Skyrocketing prices, gentrification, controversial developments, celebrity home-buyers, Robert Durst — New Orleans has seen it all in the decade following Hurricane Katrina. While there are probably too many stories to recall, we've rounded up 10 of our favorite real estate controversies and news-makers in the past decade. Was there a development that rankled your neighborhood, a movie star that moved to your 'hood, or any other of your favorite real estate stories we're missing? Be sure to let us know in the comments.
(presented in no particular order)
Alex Brandon/ASSOCIATED PRESS
↑Brad Pitt's Making it Right
Brad Pitt rounded up a slate of veritable starchitects to build a total of 109 energy-efficient, uber-modern homes in the flood-devastated Lower 9th Ward. While it has dealt with some controversy, including a crop of bad wood and claims that the endeavor was too costly, the organization is still going strong: it's building a tiny house in the neighborhood and will be hosting a benefit concert/party at the end of the month.
↑ The celebrity influx
Speaking of Brad Pitt, he and equally famous wife Angelina Jolie moved to New Orleans in 2007 to be closer to Pitt's work with Make it Right. They recently listed their $6.5 million French Quarter mansion, but claim they will buy in a more "off-the-beaten" path New Orleans neighborhood soon. Other celebrities who have bought in New Orleans in the post-Katrina decade, citing proximity to the Hollywood South boom and/or general infatuation? Sandra Bullock, real estate raconteur Nicolas Cage, Arcade Fire couple Win Butler and Regine Chassagne and (we think) Beyonce and Solange Knowles. Speaking of ...
Solange Knowles announced she was relocating to New Orleans amid much fanfare that included a busted Bywater move. We know she lives here and runs Exodus Goods and throws parties at Masonic lodges, but we're not sure exactly where. Another thing we're not sure of that seems likely: we connected the dots earlier this year and figured out that Beyonce most likely bought an old church-turned-ballet school in the Garden District.
Oh man, what a delight this character was. The globetrotting art celeb did her part to rebuild New Orleans by creating giant art installations out of blighted homes and having "artistic dinners" with guests the likes of Uma Thurman. She left New Orleans for Tasmania, leaving her art projects to decay (again), and gave this interview to The Lens in 2011 that includes quotes like "I see myself as a life artist."

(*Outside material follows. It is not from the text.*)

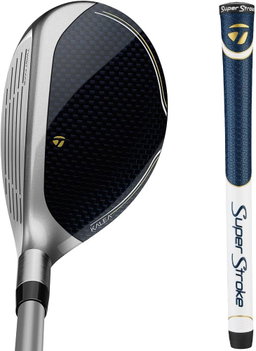 TaylorMade Kalea Golf Golf Set (Ladies)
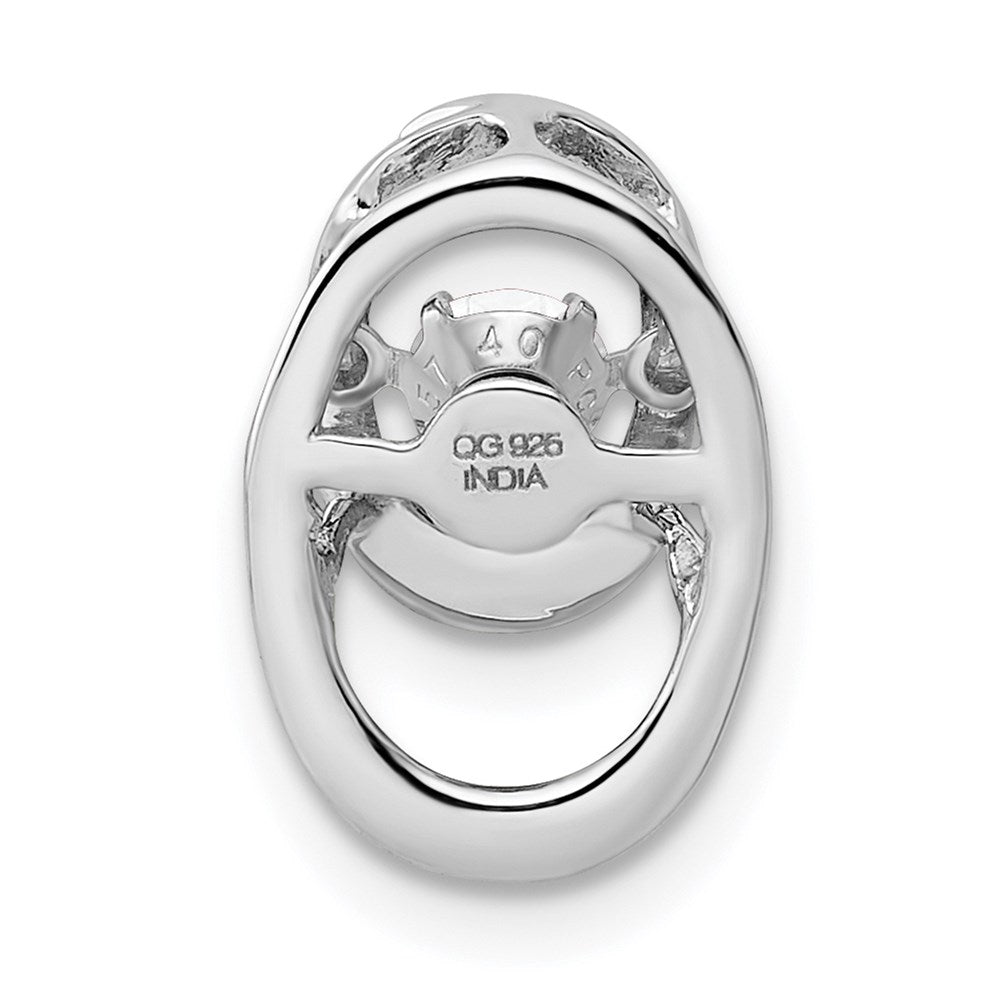 High Quality Luxury Pendant for Women by Ryan Jonathan Fine Jewelry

Rice Mill Lofts/Daniel Lobo, via Flickr
Another impresario but of the high-end hipster real estate sort, his development firm spearheaded the on-purpose-graffiti-filled Rice Mill Lofts in Bywater, rankled the neighborhood with a proposed development on Elysian Fields Avenue, and has another Bywater project in the works featuring his signature pseudo-poetic language. His projects are always beautiful, but they're couched in such eye-rolly language that it's impossible to not make fun.
↑The New Orleans public housing "makeover"
In 2007, the city decided to demolish and redevelop New Orleans' "big four" public housing complexes to make way for for pleasant-looking mixed-income developments. The move was part of a national trend of mix-income housing developments, but the storm was certainly an impetus. Some say the redevelopments have contributed to a severe lack of affordable housing in the city.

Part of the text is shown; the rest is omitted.